What you need to do – Type out each record word for word. Pictures stay out.

Start of Records for this exercise

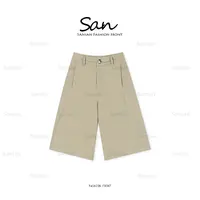 【SANSAN】直筒斜纹高腰显瘦简约休闲裤时尚显腿长裤子DY-80018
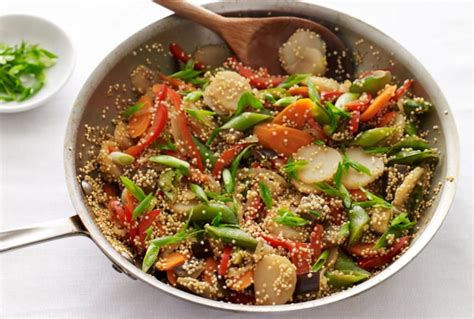 Asian Vegetables With Quinoa Asian Vegetables Vegan Asian Recipes
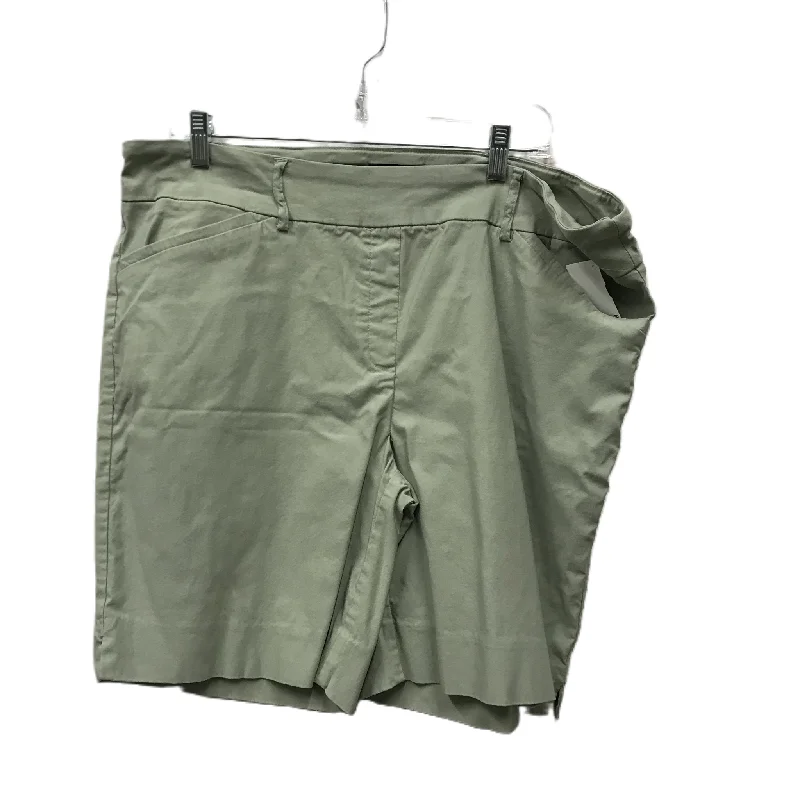 Casual Chic Green Shorts By Hilary Radley, Size: Xxl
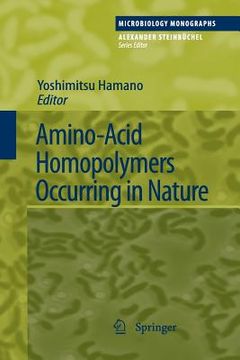 portada amino-acid homopolymers occurring in nature (en Inglés)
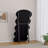 Full Length Wave Black Floor Mirror With Stand For Bedroom Living Room Hanging Or Against The Wall-49931665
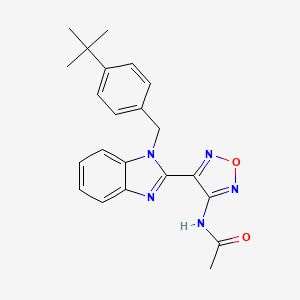 molecular formula C22H23N5O2 B5478069 N-(4-{1-[(4-TERT-BUTYLPHENYL)METHYL]-1H-1,3-BENZODIAZOL-2-YL}-1,2,5-OXADIAZOL-3-YL)ACETAMIDE 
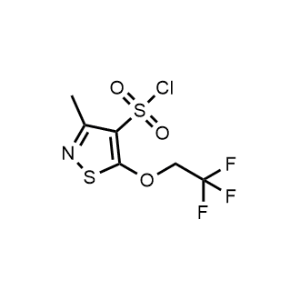 3-Methyl-5-(2,2,2-trifluoroethoxy)isothiazole-4-sulfonyl chloride|CS-1165624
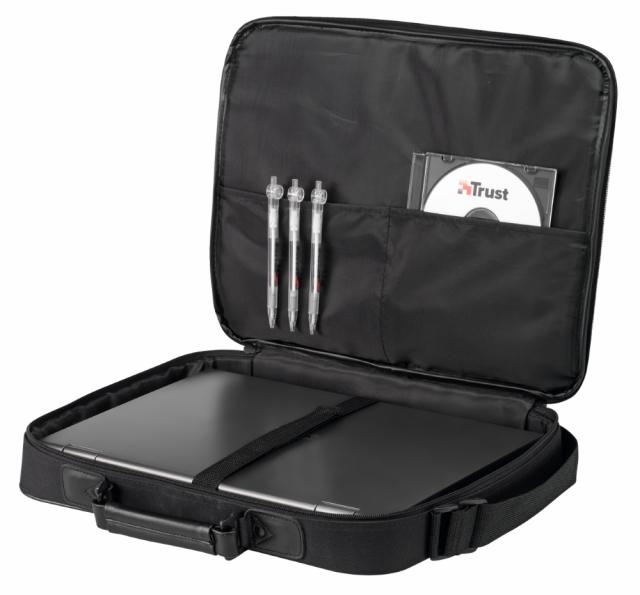 Чанта за лаптоп Trust Atlanta Carry Bag за лаптопи до 16" (40.64 cm), черна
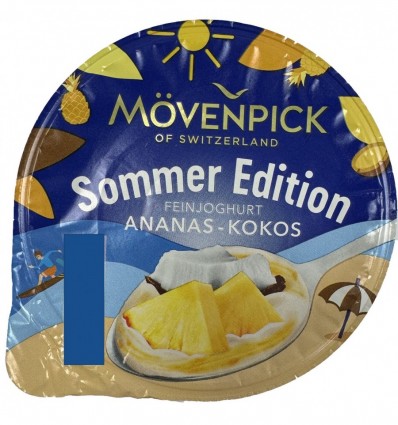 Йогурт Movenpick Summer edition ананас-кокос 13% 150 г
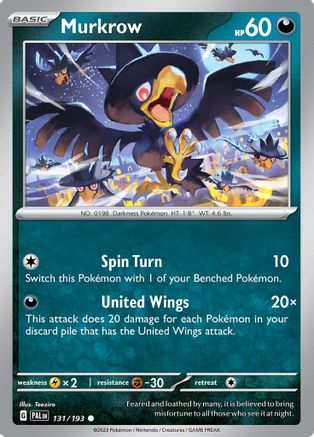 Murkrow - SV02: Paldea Evolved #131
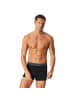 Schiesser Boxershort 3er Pack in Schwarz
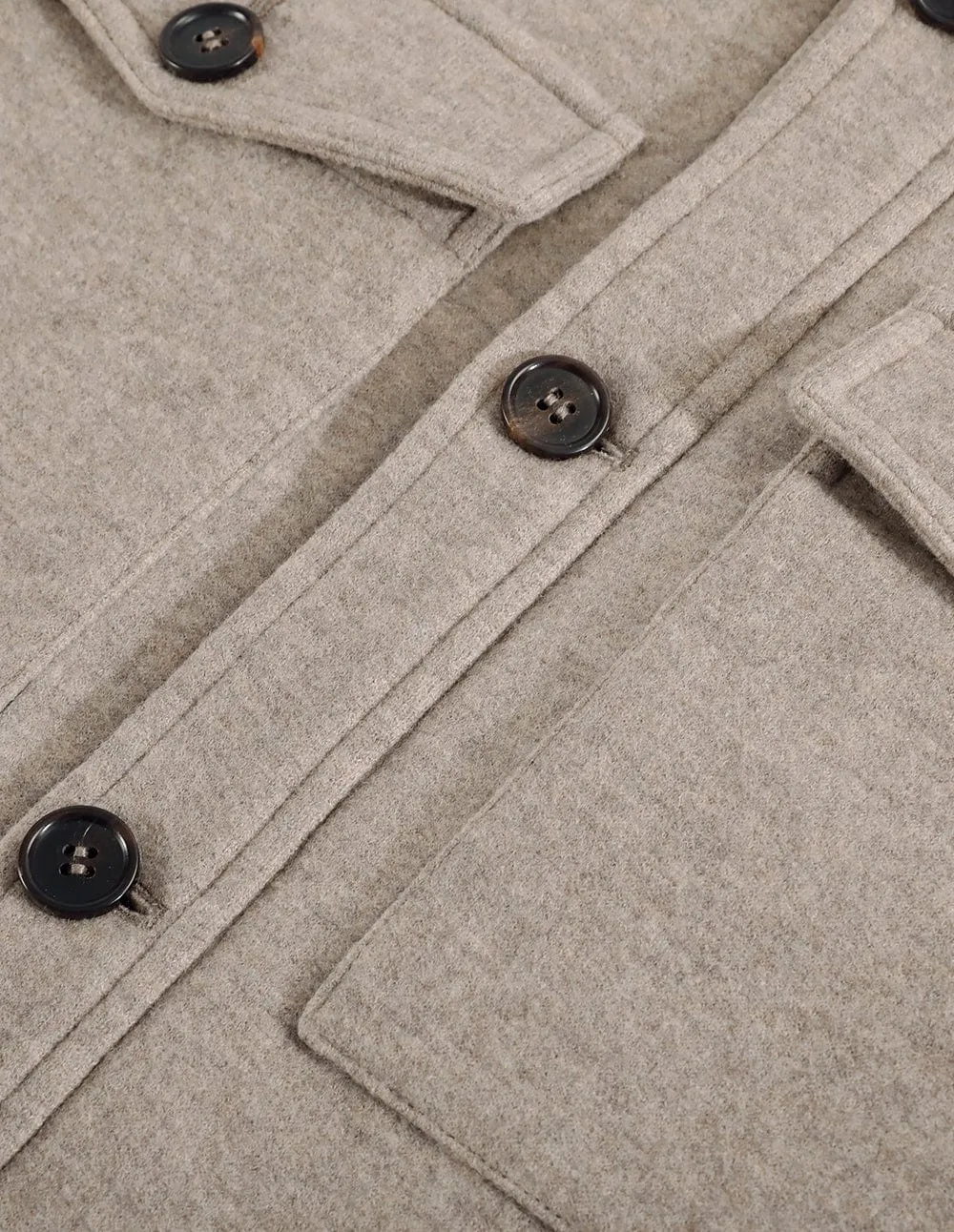 Khaki Colourblock Oversized Casual Jacket For Couples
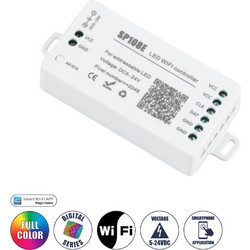 GloboStar(R) 73409 Ασύρματος WiFi LED RGBW Dream-Color Magic Digital Controller IOS/Android για LED Digital RGBW Προϊόντα DC 5-24V Max 2048 IC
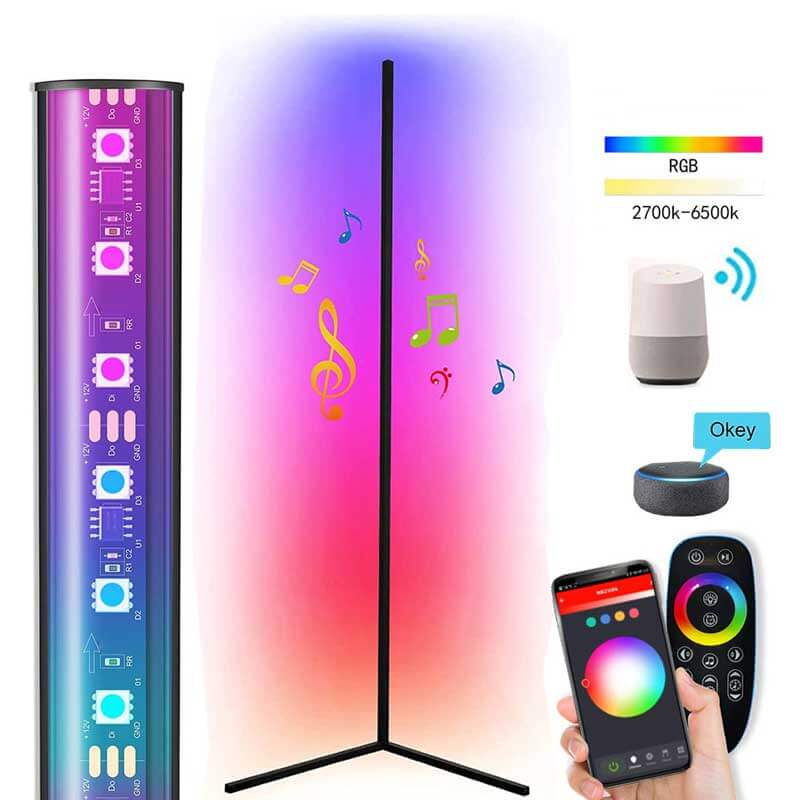 Lampadaire LED Lampadaire Lampes sur pied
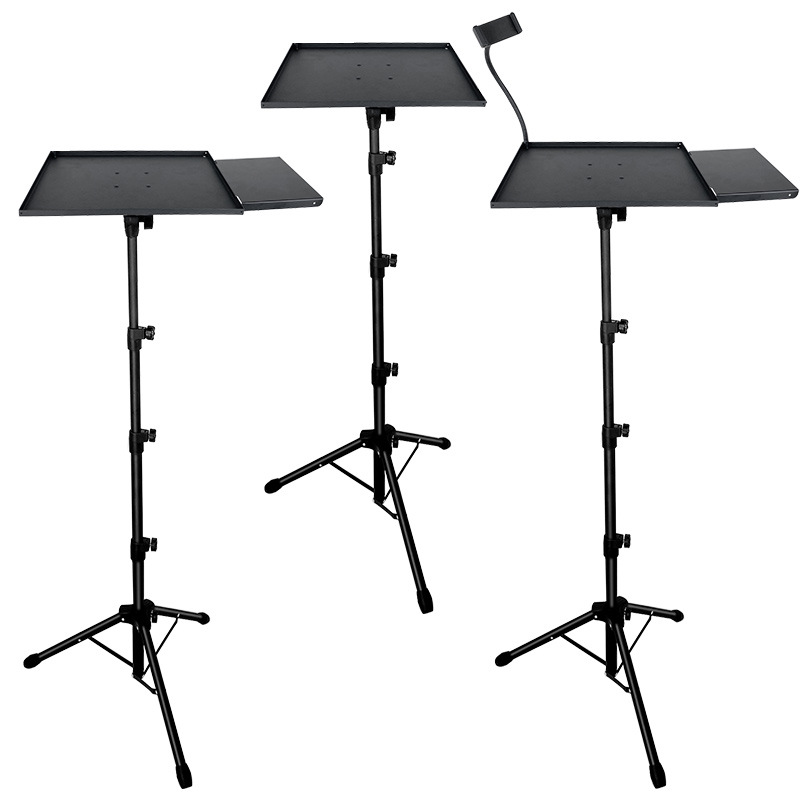 Cross border wholesale Projector Bracket to ground fold Tray Metal Liftable Sound Card Tray Tripod Bracket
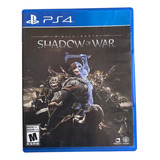 Videojuego Shadow Of War Para Ps4 Usado Video Juego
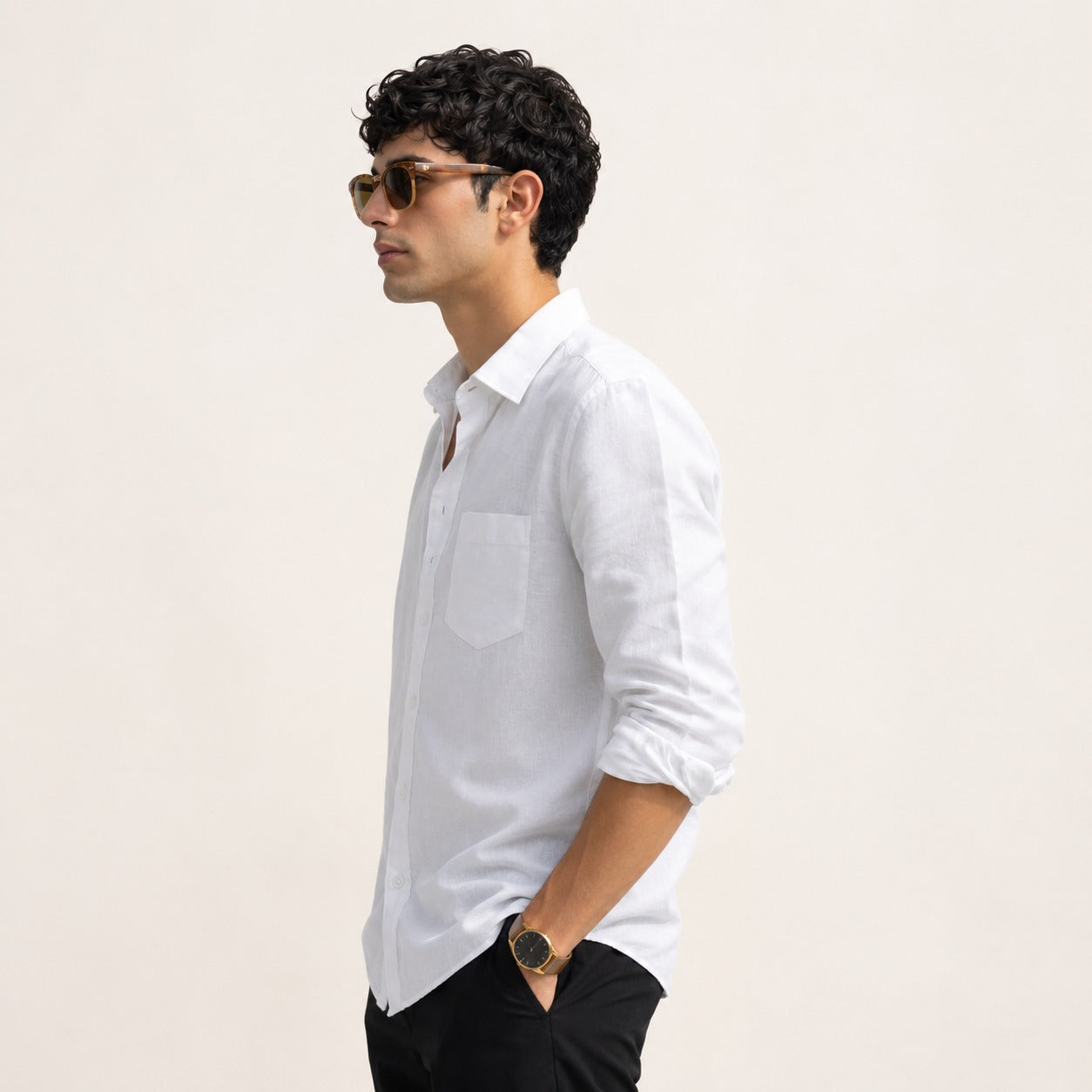 ARZO Summer Luxe Linen Shirt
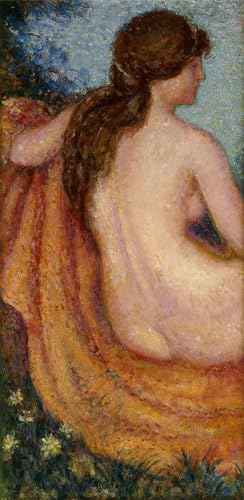 Affiche Georges Lemmen La Baigneuse pour habiller un mur vide de salon 60x90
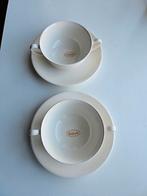 Twee California soepkommen met schotel (vintage), Ophalen of Verzenden, Zo goed als nieuw, Kom(men), Overige stijlen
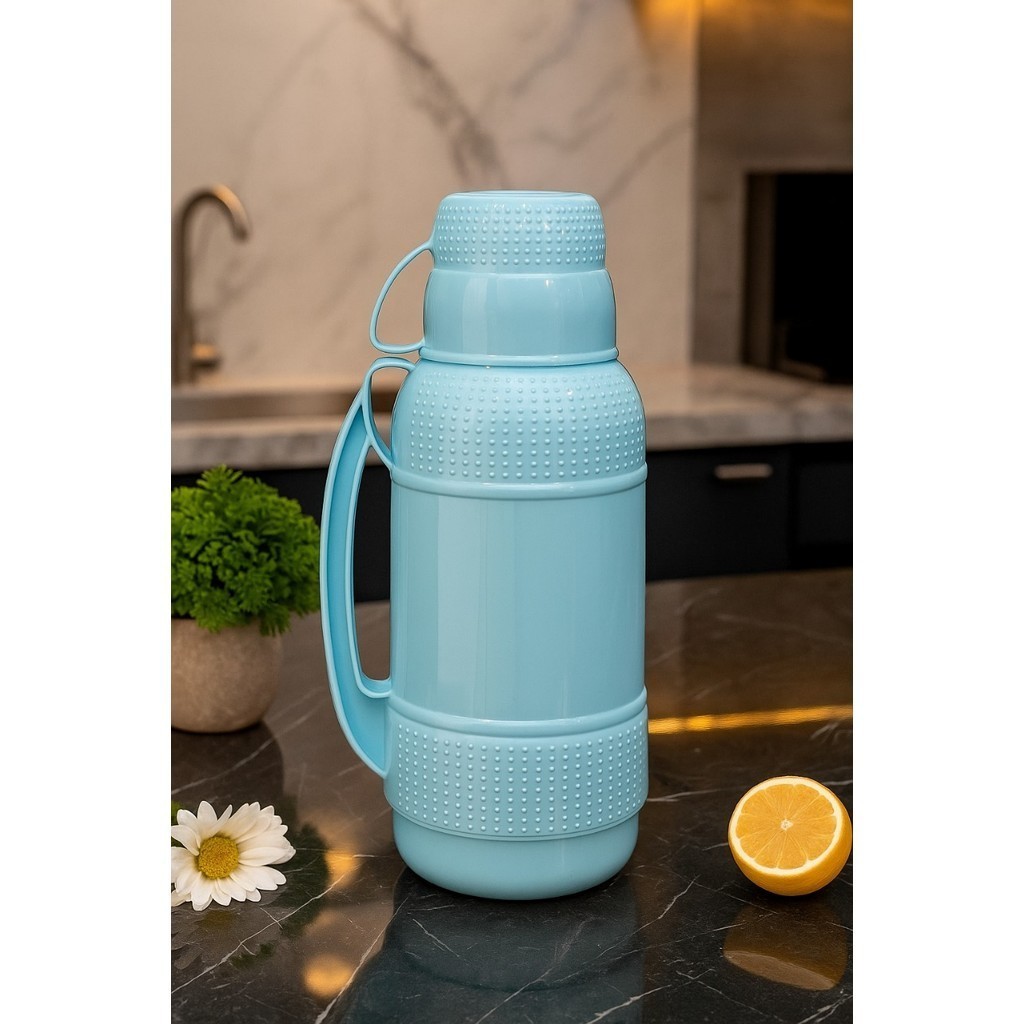 Thermos Kaca Air Panas 1 Liter dan 1.8L Botol, Termos Panas, Termos Air - W521-W522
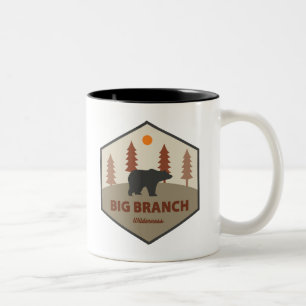 Big Branch Wilderness Vermont Bear Two-Tone Coffee Mug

End of Records for this exercise

Exercise result –
 【SANSAN】直筒斜纹高腰显瘦简约休闲裤时尚显腿长裤子DY-80018
 Asian Vegetables With Quinoa Asian Vegetables Vegan Asian Recipes
 Casual Chic Green Shorts By Hilary Radley, Size: Xxl
 portada amino-acid homopolymers occurring in nature (en Inglés)
 Full Length Wave Black Floor Mirror With Stand For Bedroom Living Room Hanging Or Against The Wall-49931665
 molecular formula C22H23N5O2 B5478069 N-(4-{1-[(4-TERT-BUTYLPHENYL)METHYL]-1H-1,3-BENZODIAZOL-2-YL}-1,2,5-OXADIAZOL-3-YL)ACETAMIDE 
 3-Methyl-5-(2,2,2-trifluoroethoxy)isothiazole-4-sulfonyl chloride|CS-1165624
 Чанта за лаптоп Trust Atlanta Carry Bag за лаптопи до 16" (40.64 cm), черна
 Йогурт Movenpick Summer edition ананас-кокос 13% 150 г
 Murkrow - SV02: Paldea Evolved #131
 Schiesser Boxershort 3er Pack in Schwarz
 Khaki Colourblock Oversized Casual Jacket For Couples
 GloboStar(R) 73409 Ασύρματος WiFi LED RGBW Dream-Color Magic Digital Controller IOS/Android για LED Digital RGBW Προϊόντα DC 5-24V Max 2048 IC
 Lampadaire LED Lampadaire Lampes sur pied
 Cross border wholesale Projector Bracket to ground fold Tray Metal Liftable Sound Card Tray Tripod Bracket
 Videojuego Shadow Of War Para Ps4 Usado Video Juego
 ARZO Summer Luxe Linen Shirt
 Affiche Georges Lemmen La Baigneuse pour habiller un mur vide de salon 60x90
 Twee California soepkommen met schotel (vintage), Ophalen of Verzenden, Zo goed als nieuw, Kom(men), Overige stijlen
 Thermos Kaca Air Panas 1 Liter dan 1.8L Botol, Termos Panas, Termos Air - W521-W522
 Big Branch Wilderness Vermont Bear Two-Tone Coffee Mug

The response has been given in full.